La quimica de las cenizas volcanicas revela secretos de las erupciones del pasado

(NC&T) Los investigadores, de la Universidad de California en San Diego (UCSD), el Centro Nacional Francés para la Investigación Científica (CNRS) y la Universidad de Grenoble en Francia, han constatado que la huella química de las cenizas expulsadas por las erupciones del pasado, revela a qué altitud llegó el material volcánico y qué reacciones químicas ocurrieron mientras se mantuvo en la atmósfera. El trabajo es particularmente útil en los tiempos que corren, porque el efecto de las partículas atmosféricas, o aerosoles, lanzados a la atmósfera por las actividades humanas, es un motivo de gran incertidumbre en los modelos sobre el cambio climático.

"En las predicciones sobre el calentamiento global, la mayor fuente de error está asociada con los aerosoles atmosféricos", explica Mark Thiemens, decano de la División de Ciencias Físicas y profesor de química y bioquímica en la UCSD. "Ahora por primera vez podemos explicar toda la química de esa clase que involucra a los sulfatos, lo que elimina las incertidumbres sobre cómo se producen y transportan estas partículas".

El método, basado en mediciones de isótopos de azufre, fue desarrollado en el laboratorio de Thiemens.

Determinar la altura de una erupción volcánica pasada proporciona una importante información sobre su impacto en el clima. Si el material volcánico sólo alcanza la baja atmósfera, los efectos son relativamente locales y a corto plazo, porque el material es arrastrado hacia abajo por la lluvia.
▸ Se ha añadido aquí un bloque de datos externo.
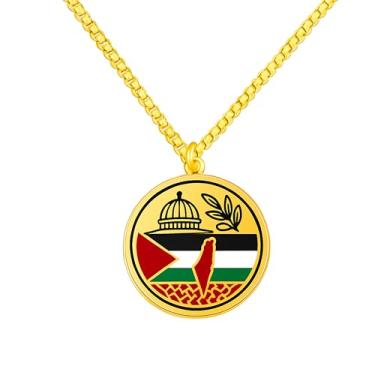 Imagem de JunyiDIY Colar bandeira palestina para homem e mulher, medalhão redondo esmaltado com mesquita Al-Aqsa e pomba, símbolo de unidade, paz e fé islâmica, 50 centímetros, Aço inoxidável, Sem Pedra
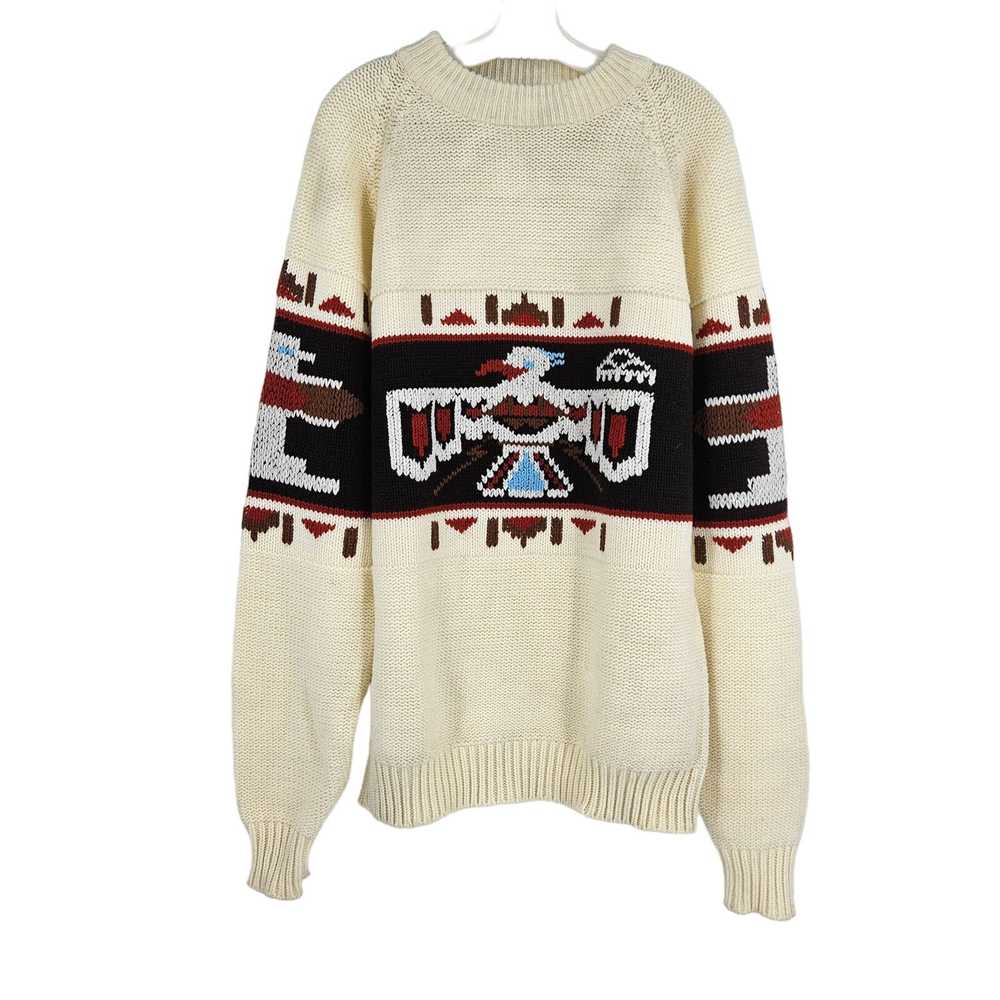 Vintage 70s Silton Sweater Cream Mens Thunderbird… - image 1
Las erupciones que llegan más alto, a la estratosfera, tienen una mayor influencia en el clima.

Antiguas erupciones volcánicas
Uno de los investigadores, Joel Savarino, recogiendo muestras en el hielo. (Foto: Joel Savarino, CNRS)
En la estratosfera, el dióxido de azufre que estaba originalmente en el magma, se oxida y forma gotas de ácido sulfúrico. Esta capa de ácido puede quedarse durante años en la estratosfera, porque no existe agua líquida presente en esta parte de la atmósfera. La capa actúa como un parasol, reflejando la luz del sol y por lo tanto reduciendo significativamente la temperatura a nivel del suelo durante muchos años.

Para distinguir las erupciones que alcanzaron la estratosfera de aquellas que no lo hicieron, los investigadores examinaron los isótopos de azufre de las caídas de cenizas conservados en el hielo de la Antártida. El material volcánico fue llevado hasta allí por las corrientes de aire.

El azufre que sube hasta la estratosfera sobrepasa la capa de ozono y queda expuesto a las cortas longitudes de onda de la luz ultravioleta. La exposición a esos rayos crea una proporción única de isótopos de azufre. Por consiguiente, analizando la presencia de isótopos de azufre en las deposiciones de cenizas volcánicas, se puede averiguar si una erupción alcanzó o no la estratosfera.

No sólo sus mediciones de isótopos coinciden con las observaciones atmosféricas, sino que los investigadores también pudieron distinguir la erupción del Pinatubo de la erupción del Cerro Hudson que ocurrió el mismo año.